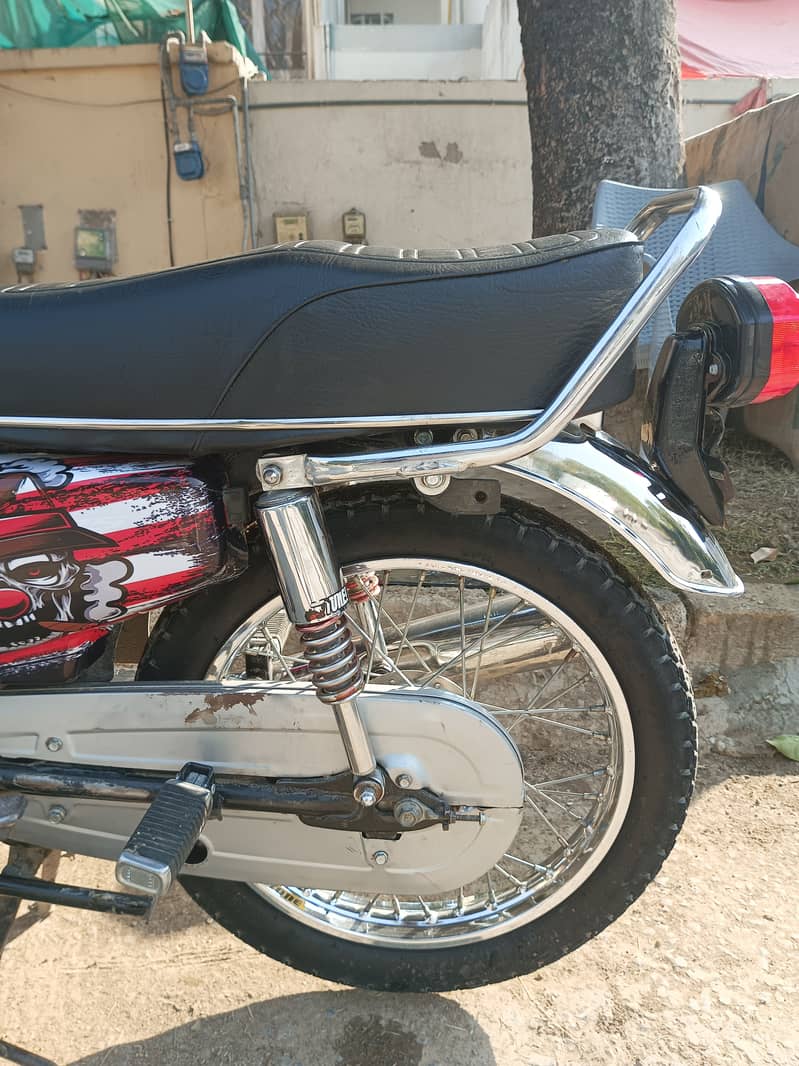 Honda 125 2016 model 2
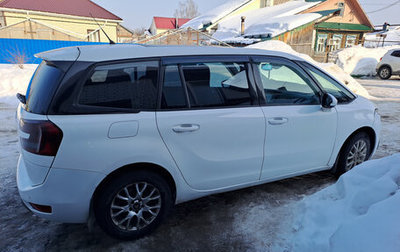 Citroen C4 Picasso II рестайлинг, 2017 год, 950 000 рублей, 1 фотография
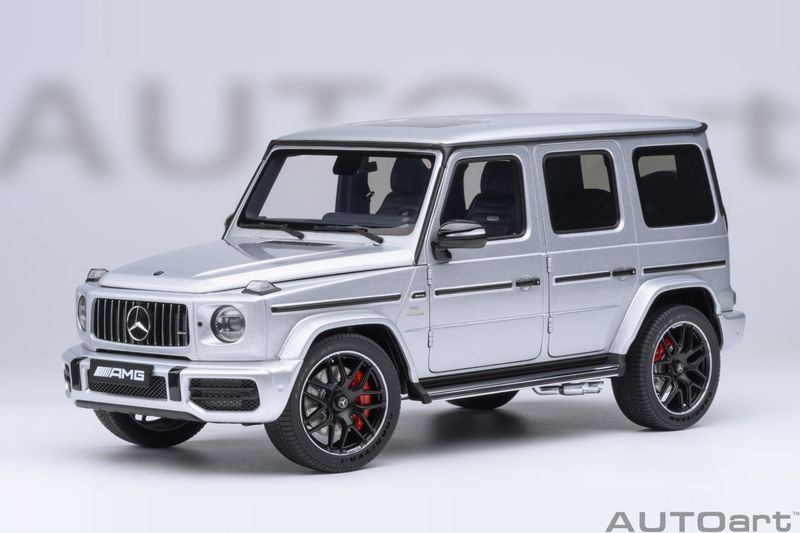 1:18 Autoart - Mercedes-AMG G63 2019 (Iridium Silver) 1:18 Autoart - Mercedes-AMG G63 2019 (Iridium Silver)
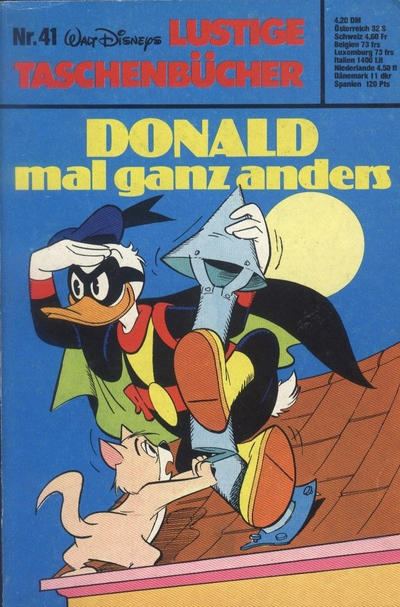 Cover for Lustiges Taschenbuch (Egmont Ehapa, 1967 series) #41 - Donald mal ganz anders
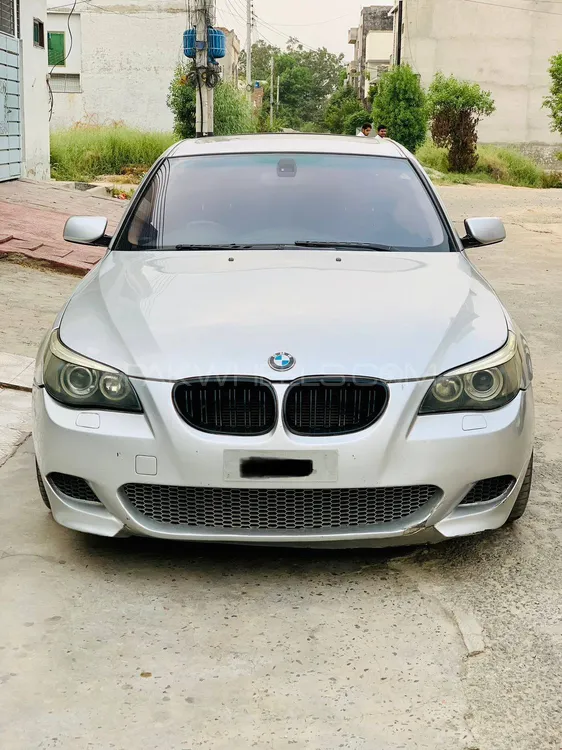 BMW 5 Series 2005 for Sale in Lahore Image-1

──────────────────────────────

→ EXERCISE DESCRIPTION:
Could you give the listing again exactly, minus its pictures?

→ WRITTEN SOLUTION:
 Honda 125 2016 model 2
 Citroen C4 Picasso II рестайлинг, 2017 год, 950 000 рублей, 1 фотография
 1:18 Autoart - Mercedes-AMG G63 2019 (Iridium Silver) 1:18 Autoart - Mercedes-AMG G63 2019 (Iridium Silver)
 Cover for Lustiges Taschenbuch (Egmont Ehapa, 1967 series) #41 - Donald mal ganz anders
 BMW 5 Series 2005 for Sale in Lahore Image-1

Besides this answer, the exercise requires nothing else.